▸ Available data

-- Opening Marker --

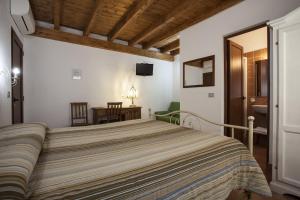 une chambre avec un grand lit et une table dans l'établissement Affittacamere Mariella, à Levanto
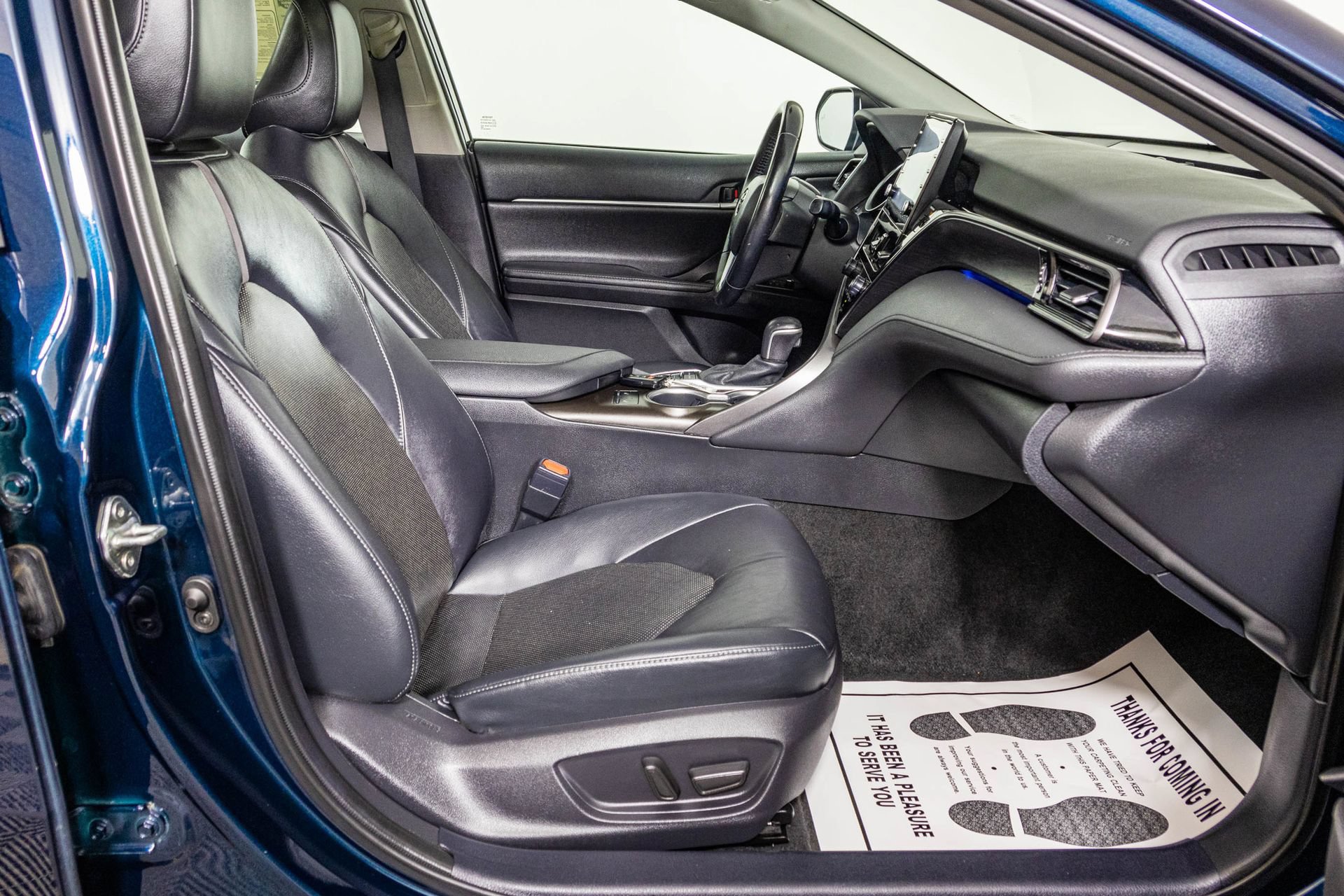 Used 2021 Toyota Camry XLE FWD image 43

-- Closing Marker --
-- Opening Marker --

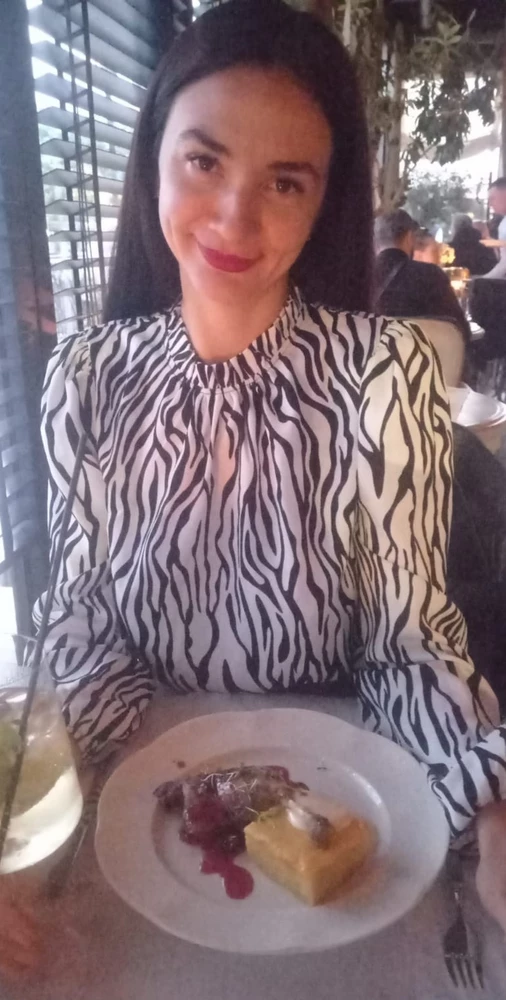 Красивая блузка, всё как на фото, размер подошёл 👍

-- Closing Marker --

▸ Task to complete
In the records above, find the line with "une chambre avec" and the line with "Used 2021 Toyota Camry XLE FWD image 43", then restate word for word only those two lines and all lines between, omitting pictures.

▸ Response to the exercise
 une chambre avec un grand lit et une table dans l'établissement Affittacamere Mariella, à Levanto
 Used 2021 Toyota Camry XLE FWD image 43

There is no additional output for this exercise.